Ton récit me rappelle quelqu'un que j'aime tant qui a aussi grandi dans la rage. Il disait, c'est la colère et la rage qui me tenaient debout. Sa vie a été extrêmement difficile, dès sa naissance, et jusqu'à ce qu'il puisse se débrouiller tout seul. Et sa rage et sa colère se sont transformé en une volonté de fer qui lui a permis d'accomplir plein de choses et il n'a pas oublié d'aimer.

De te lire, et de sentir à travers chaque mot ta volonté d'avancer, et l'amour que tu portes en toi, c'est tout simplement  une leçon de vie que tu nous donnes.

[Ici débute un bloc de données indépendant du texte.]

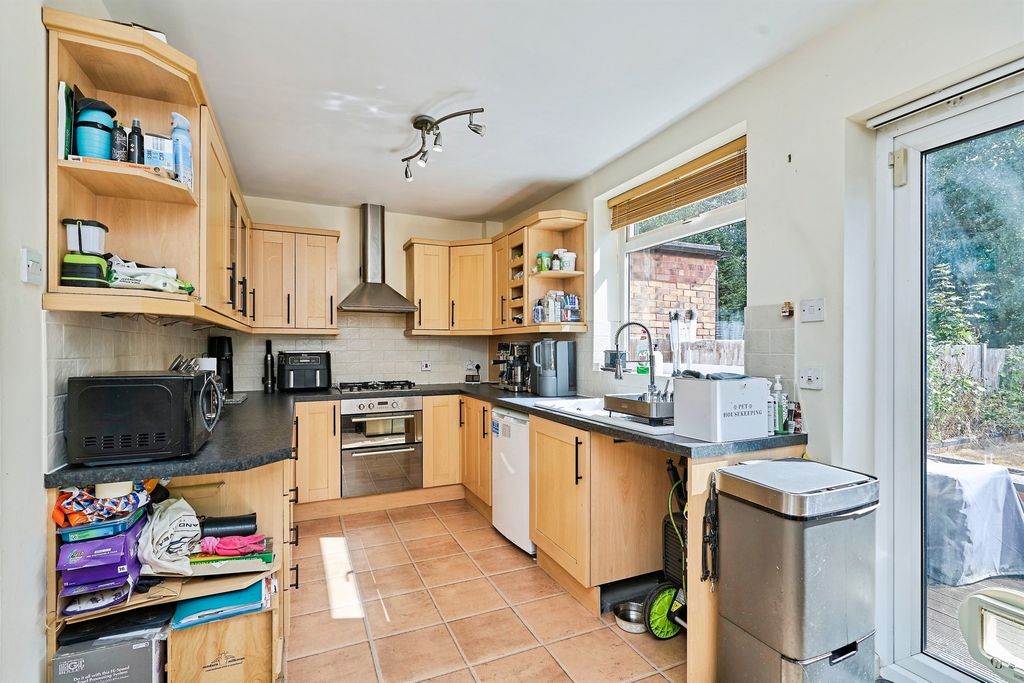 Property photo 3 of 15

L'adolescent, (le jeune homme) que tu nous a présenté est très attachant, et je te souhaite de tout mon coeur beaucoup de bonheur Max.








petitefée

  • Invité
Re : J'ai vécu de... rage.
« Réponse #6 le: 28 mai 2013 à 19:55:32 »
merci Max, avec un grand M

franchement écris, c'est trop beau, trop "brut de pomme".
je retrouve mon fils de 25 ans qui a la hargne et la rage.....de vivre après le dc de sa petite soeur.
t'es un mec bien. :-*

Karine

  • Invité
Re : J'ai vécu de... rage.
« Réponse #7 le: 29 mai 2013 à 23:41:55 »
Max,
Tu es juste tout simplement "fort". Et je suis très émue pour toi : que tu ai eu à traverser cette peine, cette perte, si jeune !
Ce que tu as traversé est horrible et tu ne peux pas surmonter cela seul.
Je n'ai pas de mots, mais si tu veux me parler, n'hésites pas.